She said that the need to work increased hours takes students’ time away from extracurriculars, volunteering and their studies — all the experiences that assist students when looking for jobs after graduation.
“Students aren’t able to access those things because they’re having to choose to take on those extra hours to continue to cover their bills,” said Jinnah Morsette. “That does take a toll — not only on their grades, but also on their mental health and their well-being.
“That leaves the Alberta economy behind — it leaves our Canadian economy behind.”
Interest hikes could slow
Economists say that this rise in overall unemployment casts doubt on future interest rate hikes from the Bank of Canada.

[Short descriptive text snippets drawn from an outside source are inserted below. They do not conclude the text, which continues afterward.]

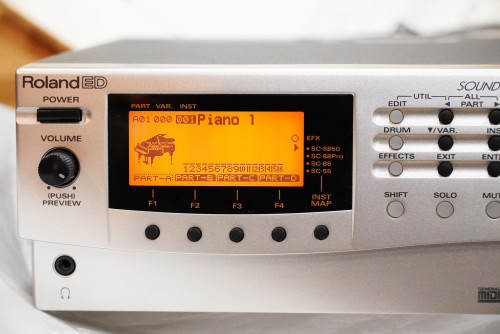 เหมือนใหม่ กล่องครบ Roland SC-8850 (JAPAN) ซาวด์โมดุลที่ให้เสียงดนตรีละเอียดและสมจริงที่สุด 2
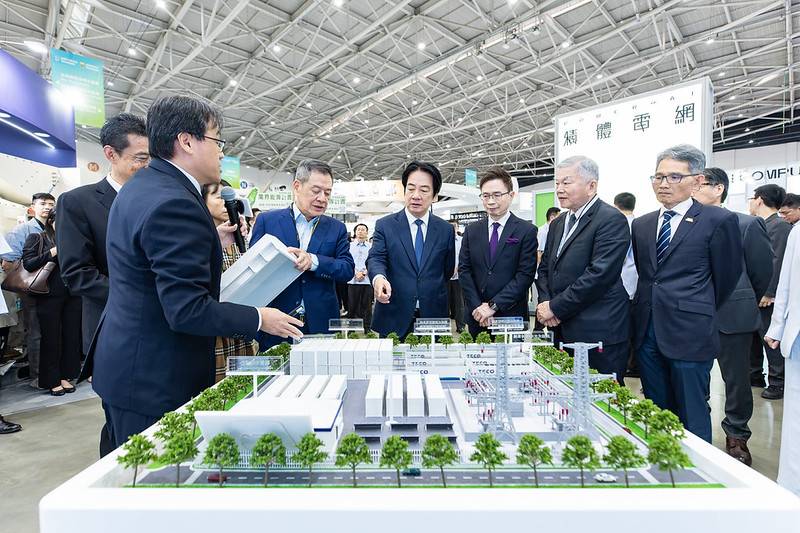 出席國際淨零永續展暨智慧能源週 總統:推動產業綠色轉型、提升能源韌性 打造臺灣下一階段成長動力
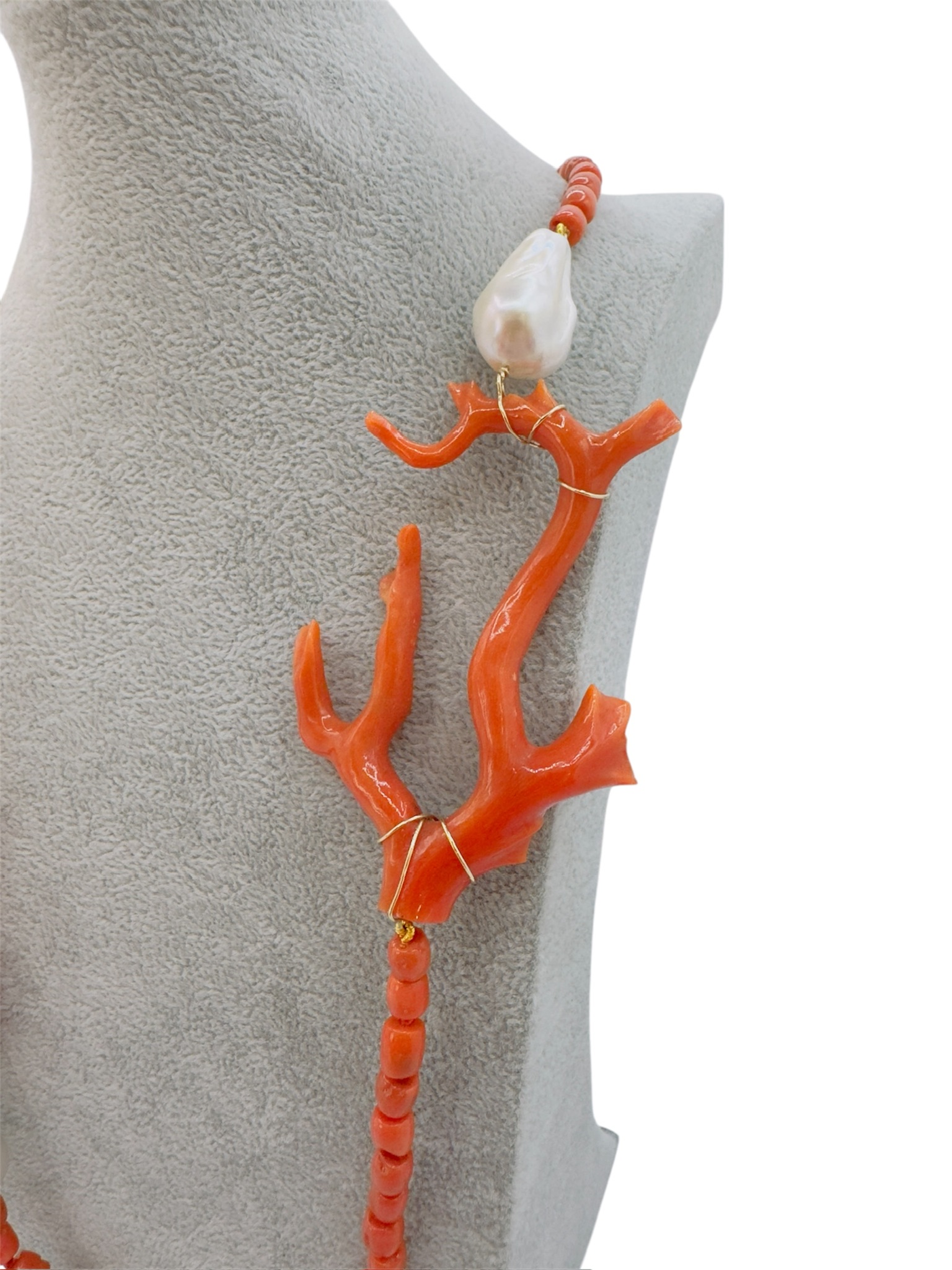 Splendida Collana Corallo Sciacca Ramo, un gioiello made in Italy di Patricia Oro Creations, perfetto per un'idea regalo preziosa. (Vista 2)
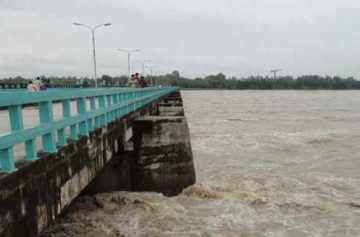 তিস্তা ব্যারাজ এলাকায় রেডএলার্ট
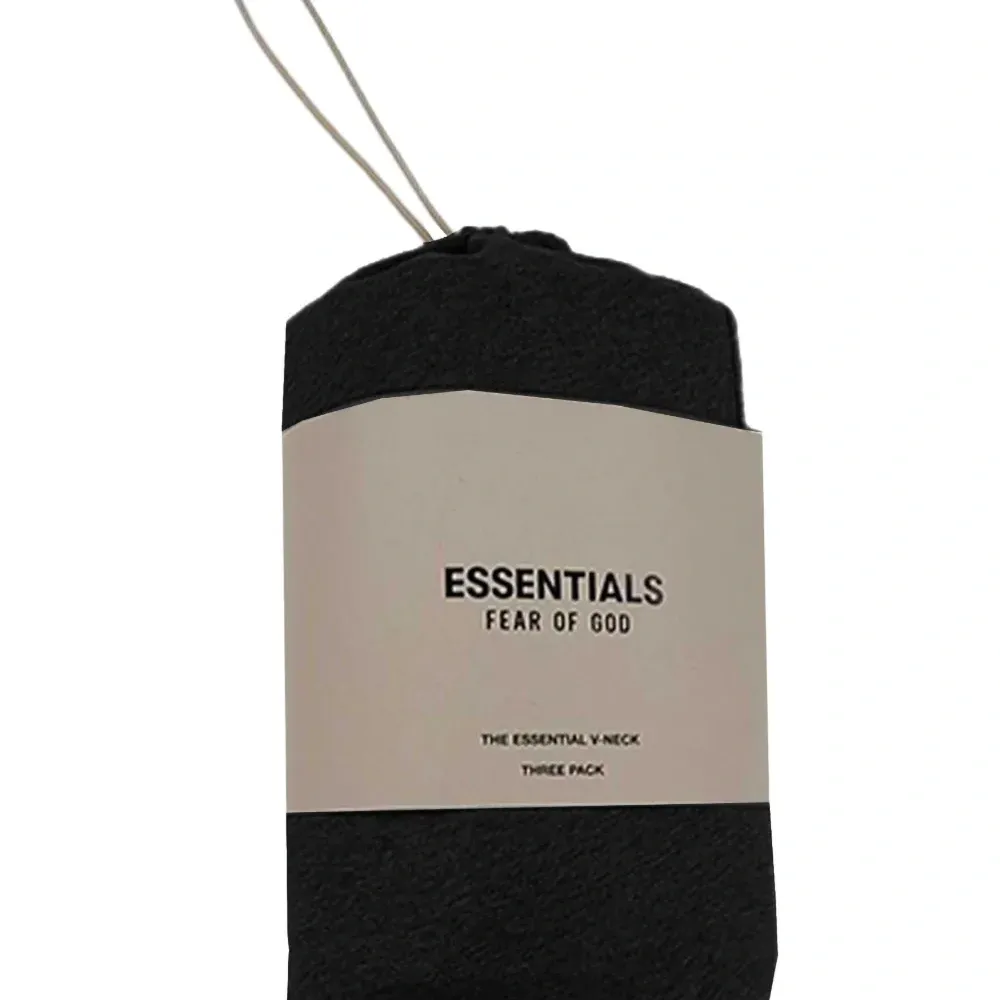 Комплект из трех футболок с V-образным вырезом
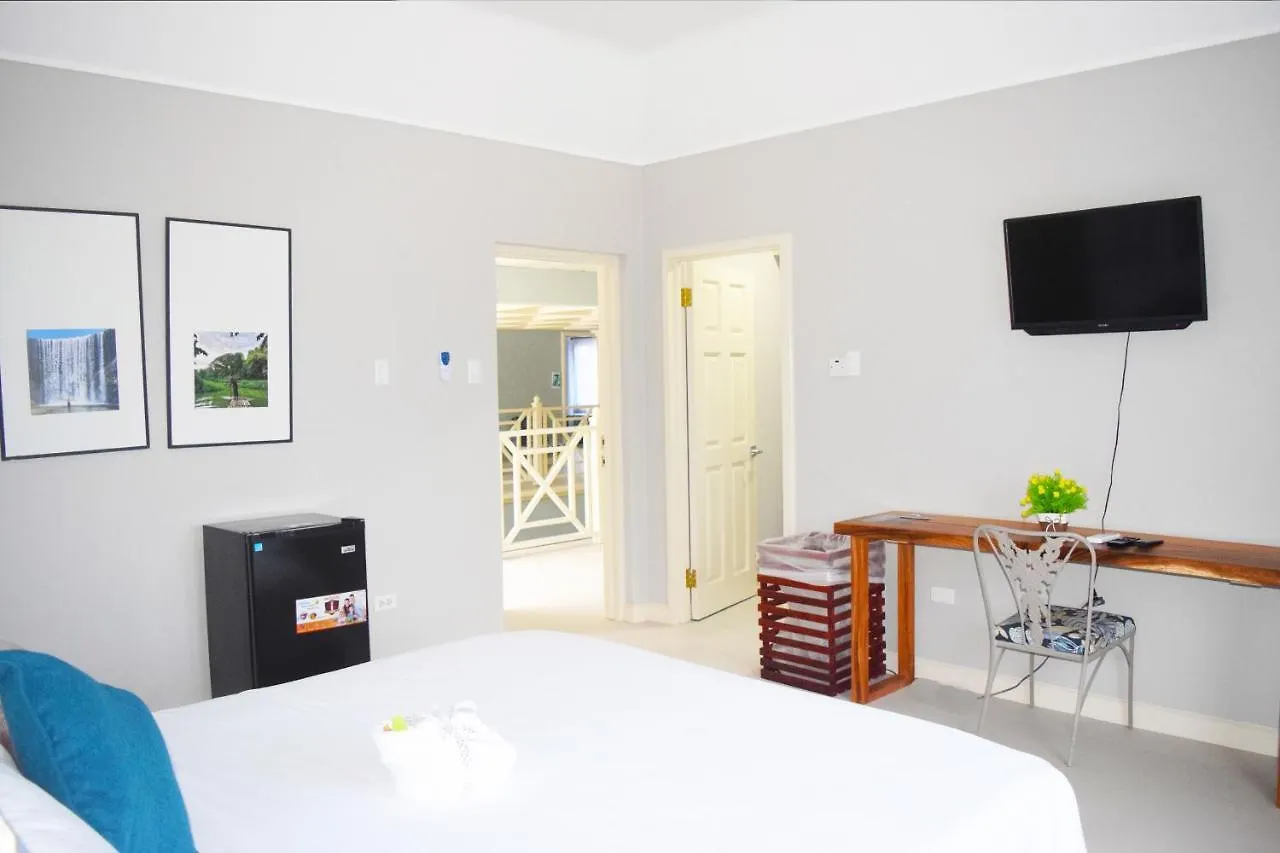 876 Beach Club Hotel The Rock 0*, Florence Hall Jamaica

“While one weak labor market report doesn’t make a trend, the [Bank of Canada] will be closely watching to see if other cracks start to form,” James Orlando, senior economist for TD Bank, wrote in an email.
Jay Zhao-Murray, an analyst for Monex Canada, said in a note because of the “details and composition of employment changes, we do not think it would materially change the Bank’s latest view on the economy.”
But one month of weakening the job market may not be enough.
“The Labor Force Survey is notoriously volatile,” Royce Mendes, managing director and head of macro strategy at Desjardins, wrote in an email. “It would need to be corroborated with a host of additional information to change our view that the Bank of Canada will hike again in July.”
“When things will kind of slow down a bit, we’ll be judging through a whole set of measures, trying to figure out whether things happen,” said Bank of Canada Deputy Governor Paul Beaudry in a speech to the Victoria Chamber of Commerce on Thursday. “But we won’t only look at one measure.”